Escritos de Ada

segunda-feira, 23 de janeiro de 2012

Texto velho sobre o novo, porque o novo vem de novo (sempre)

Publiquei o texto a seguir no Novo Jornal, em novembro de 2009, período em que eu tentava lidar com minhas borboletas no estômago - elas sempre vêm quando me meto a andar em terrenos desconhecidos. Depois, a crônica veio parar aqui no blog em março do ano passado, outra época de incertezas - umas se dissipando, outra se avizinhando, batendo feio no meu estômago, no meu sono, no meu equilíbrio.
Agora, novamente.
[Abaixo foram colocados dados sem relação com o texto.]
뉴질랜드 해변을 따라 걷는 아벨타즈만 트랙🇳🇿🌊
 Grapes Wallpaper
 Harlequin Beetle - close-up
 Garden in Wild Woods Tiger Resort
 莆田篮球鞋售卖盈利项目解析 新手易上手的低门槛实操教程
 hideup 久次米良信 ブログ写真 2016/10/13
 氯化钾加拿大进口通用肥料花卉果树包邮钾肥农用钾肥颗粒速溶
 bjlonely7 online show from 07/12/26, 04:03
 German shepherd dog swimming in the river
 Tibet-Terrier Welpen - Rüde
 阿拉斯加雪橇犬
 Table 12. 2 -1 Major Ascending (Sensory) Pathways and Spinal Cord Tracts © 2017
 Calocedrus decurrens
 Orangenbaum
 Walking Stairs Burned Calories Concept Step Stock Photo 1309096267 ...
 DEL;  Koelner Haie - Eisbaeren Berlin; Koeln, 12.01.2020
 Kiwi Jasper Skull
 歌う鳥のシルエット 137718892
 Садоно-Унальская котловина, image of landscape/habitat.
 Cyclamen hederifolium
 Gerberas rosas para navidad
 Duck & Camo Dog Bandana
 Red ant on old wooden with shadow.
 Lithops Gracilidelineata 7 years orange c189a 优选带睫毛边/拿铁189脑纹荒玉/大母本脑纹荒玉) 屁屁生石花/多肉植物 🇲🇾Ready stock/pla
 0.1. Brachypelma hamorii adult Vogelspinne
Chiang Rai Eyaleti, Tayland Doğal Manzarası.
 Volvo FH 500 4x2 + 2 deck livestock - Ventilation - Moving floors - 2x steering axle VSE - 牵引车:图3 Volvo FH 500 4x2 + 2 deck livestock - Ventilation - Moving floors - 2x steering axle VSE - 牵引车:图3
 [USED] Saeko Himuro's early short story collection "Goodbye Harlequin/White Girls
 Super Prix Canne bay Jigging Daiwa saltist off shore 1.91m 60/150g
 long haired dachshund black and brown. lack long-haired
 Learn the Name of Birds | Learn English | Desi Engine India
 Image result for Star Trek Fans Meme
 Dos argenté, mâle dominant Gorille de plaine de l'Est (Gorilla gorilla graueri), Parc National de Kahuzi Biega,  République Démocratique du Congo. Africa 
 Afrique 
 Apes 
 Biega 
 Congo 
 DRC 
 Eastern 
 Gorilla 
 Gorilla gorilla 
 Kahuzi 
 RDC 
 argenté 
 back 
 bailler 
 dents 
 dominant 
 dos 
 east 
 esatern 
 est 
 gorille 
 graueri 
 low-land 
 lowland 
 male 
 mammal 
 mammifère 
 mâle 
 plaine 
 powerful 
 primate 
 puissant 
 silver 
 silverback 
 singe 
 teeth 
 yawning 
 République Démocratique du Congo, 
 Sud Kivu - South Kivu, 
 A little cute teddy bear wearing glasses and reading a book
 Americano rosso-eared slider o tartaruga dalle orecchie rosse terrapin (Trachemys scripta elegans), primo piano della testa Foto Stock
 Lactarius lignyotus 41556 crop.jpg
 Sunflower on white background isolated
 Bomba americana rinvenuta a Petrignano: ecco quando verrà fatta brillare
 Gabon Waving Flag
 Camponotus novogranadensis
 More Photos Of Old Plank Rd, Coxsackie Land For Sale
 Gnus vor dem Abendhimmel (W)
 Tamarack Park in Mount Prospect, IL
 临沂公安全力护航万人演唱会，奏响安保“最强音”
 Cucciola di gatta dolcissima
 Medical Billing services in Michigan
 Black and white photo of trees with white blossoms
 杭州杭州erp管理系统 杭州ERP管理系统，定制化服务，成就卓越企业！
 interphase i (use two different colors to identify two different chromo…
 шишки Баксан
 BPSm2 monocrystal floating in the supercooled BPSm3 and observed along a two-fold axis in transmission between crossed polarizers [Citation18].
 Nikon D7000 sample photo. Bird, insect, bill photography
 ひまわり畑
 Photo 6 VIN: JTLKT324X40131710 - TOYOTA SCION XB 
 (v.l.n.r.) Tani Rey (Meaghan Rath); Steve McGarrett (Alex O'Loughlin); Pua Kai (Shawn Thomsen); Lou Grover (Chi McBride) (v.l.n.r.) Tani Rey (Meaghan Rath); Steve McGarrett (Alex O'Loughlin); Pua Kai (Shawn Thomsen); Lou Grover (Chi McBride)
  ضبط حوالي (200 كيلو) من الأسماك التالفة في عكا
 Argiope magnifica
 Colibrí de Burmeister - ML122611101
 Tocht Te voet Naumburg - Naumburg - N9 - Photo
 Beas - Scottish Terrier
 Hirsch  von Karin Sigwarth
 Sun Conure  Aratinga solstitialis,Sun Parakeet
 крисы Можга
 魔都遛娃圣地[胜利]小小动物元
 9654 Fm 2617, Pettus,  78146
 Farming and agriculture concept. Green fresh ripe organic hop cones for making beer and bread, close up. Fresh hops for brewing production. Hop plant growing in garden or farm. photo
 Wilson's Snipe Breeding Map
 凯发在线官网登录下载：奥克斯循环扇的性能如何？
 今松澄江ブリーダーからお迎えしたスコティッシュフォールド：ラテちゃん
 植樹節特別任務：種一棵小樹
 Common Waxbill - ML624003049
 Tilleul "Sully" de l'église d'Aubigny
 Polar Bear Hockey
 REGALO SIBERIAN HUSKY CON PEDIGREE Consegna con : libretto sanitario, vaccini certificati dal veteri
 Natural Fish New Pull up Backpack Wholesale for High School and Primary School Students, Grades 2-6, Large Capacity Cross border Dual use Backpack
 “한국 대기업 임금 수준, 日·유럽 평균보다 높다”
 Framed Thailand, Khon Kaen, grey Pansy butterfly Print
Um novo que vem se desenrolando desde semestre passado, um novo-novo se aproximando e um novo que nem começou ainda, mas já me traz as borboletas de novo. E, mais uma vez, esse texto me vem diante dos olhos. Não, eu não o procurava. Estava só vagando a esmo no meu próprio blog, sem saber o que fazer com a falta de palavras, a falta de sono, a falta de paciência, a falta de certezas... E meu próprio texto me parece providencial, agora. Ei-lo.


“Não há um porquê”, responde Phillipe Petit, estrela de O Equilibrista(direção de James Marsh e Oscar 2009 de melhor documentário), quando alguém pergunta o que o leva a atravessar grandes distâncias sobre uma corda bamba. 

O francês Phillipe Petit ganhava a vida nas ruas, fazendo truques de ilusionismo e de equilibrismo. Ficou famoso em 1971, quando, aos 22 anos de idade, caminhou sobre um cabo esticado entre as duas torres da catedral de Notre Dame, em Paris. Três anos depois, no dia 7 de agosto, burlou a segurança do extinto World Trade Center, em Nova York, para atravessar oito vezes seguidas o espaço entre as torres gêmeas. A performance durou quase uma hora e foi assistida por cerca de cem mil pessoas. O artista foi preso após o ato ilegal, e condenado a uma pena simbólica: fazer um espetáculo infantil, gratuito, em um jardim.

Andar sobre o vão entre as inacabadas torres gêmeas exigiu planejamento, treino do corpo e da mente e equilíbrio entre ambos. Depois, deslizar sobre o cabo. E mais. Phillipe fez graça para o público, sentou sobre a corda, pulou, conversou com as aves. Phillipe era um bamba da corda. Mas ainda um mortal – maluco – sobre um cabo de aço a mais de 400 metros de altura, sem segurança ou rede de proteção. A velha arte do equilibrismo, num trajeto nunca antes percorrido.

Repiso o clichê de propósito. Por quê? Não existe um porquê. Existe vontade.

Mas andar em novas trilhas exige, além da vontade, conhecer o terreno – ou a corda – onde se pisa. Planejar, calcular e seguir. Equilibristas experientes não temem o avanço em meio à lâmina do vento. Dão um passo para trás, oscilam para os lados, mas jamais param no meio da corda. O medo de cair impede o progresso.

No entanto, há que se ter cautela; correr expõe ao risco de tropeçar nos próprios pés, e o público sob a corda pode não amortecer a queda. Sempre há quem se divirta nessas ocasiões. Por isso, é importante manter o foco: levantar a cabeça e olhar para a frente evita a vertigem.

Mas os outros são os outros. Eles apenas podem assistir ao êxito ou à derrocada alheia. Arriscar-se na corda bamba é, primordialmente, desafiar-se, colocar-se à prova. E, mais do que arriscar, descobrir o ponto em que a força motriz transforma-se não em explosão desastrosa, mas na leveza de um Phillipe Petit, caminhando suspenso sobre o vão entre duas torres, cheio de uma vontade que só os malucos, em sua peculiar lucidez, possuem.

Um comentário:

  1. Belo cenário! É bonito ver os que se deixam viver, os que se arriscam. Arriscar-se é atributo necessário para viver o novo. É verdade sim - gostei da lembrança - que o público sob a corda pode não amortecer a queda, mas faz bem acreditar, mesmo sem contar.